Deloris were formed as an indie rock quartet in Melbourne's outer suburb, Frankston, in 1994 by Stuart Charles on bass guitar, Simon Heelis on guitar, Marcus Teague on lead vocals, guitar and keyboards and Luke Turley on drums. The members had met at secondary school and shared an interest in guitar-based music. The band recorded a four-track demo tape in 1994 at Sandringham Studios, some of that material was released on a various artists' compilation album by the studio. Heelis left and they continued as a trio. Another four tracks were recorded at Backbeach Studios, Rye in 1996.

Deloris played more widely across Melbourne. The trio returned to Backbeach in late 1998 to record material for their debut album, Fraulein, which was released on Perth-based label Halflight Records in April 1999. hEARds reviewer rated it at 10/10, "[their] music trades between the sounds of grungey pop in similar fashion to Weezer, while simultaneously managing to get their sound close enough to Archer's Of Loaf & perhaps even Pavement... Way cool debut release, can't wait for the follow up."

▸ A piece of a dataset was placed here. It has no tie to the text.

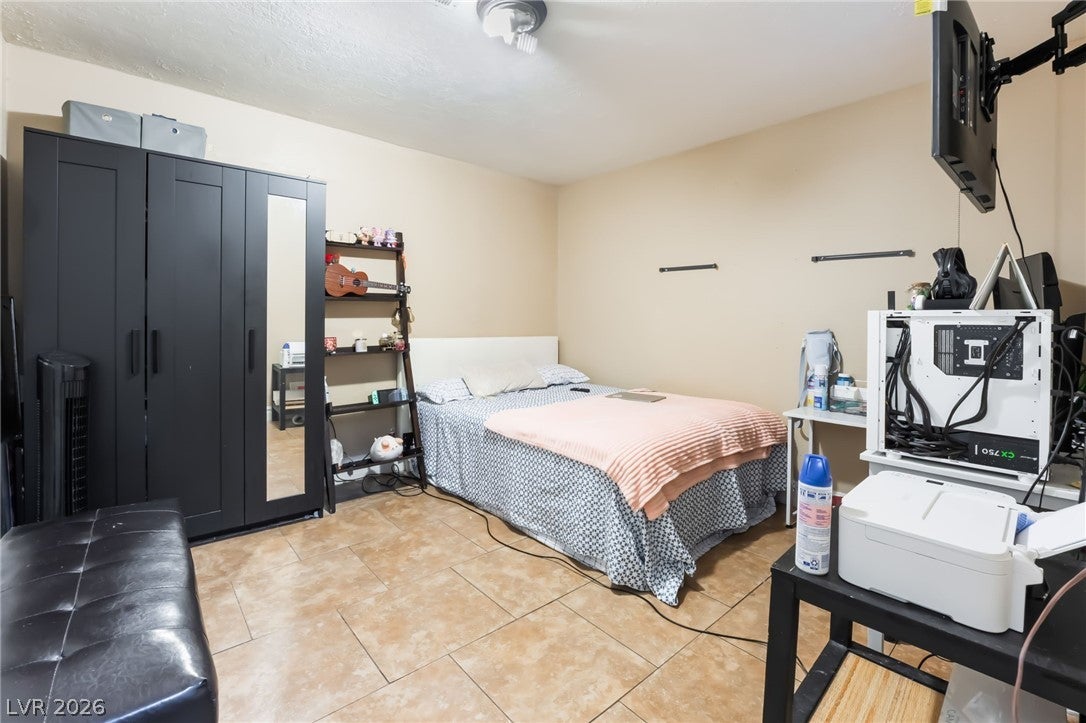 Las Vegas, Nevada, 89104, United States, 6 Bedrooms Bedrooms, ,2 BathroomsBathrooms,Residential,For Sale,2048974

In 1999 the band flew to Perth and spent two weeks recording and mixing their second album, The Pointless Gift, which was released by Sydney label Quietly Suburban Records in December 2000 and received a glowing critical response, with Melbourne's The Age newspaper giving it four stars, saying "a huge future awaits Deloris". Leigh Lambert joined the band as a second guitarist and Deloris toured Australia supporting Augie March, Something for Kate, Art of Fighting and Purplene as well as for international artists the Mountain Goats and Delgados. They issued a split single with Braving the Seabed and United Kingdom label Scientific Laboratories released The Pointless Gift in that market. Deloris recorded a live set for Triple J radio's Oz Music Show.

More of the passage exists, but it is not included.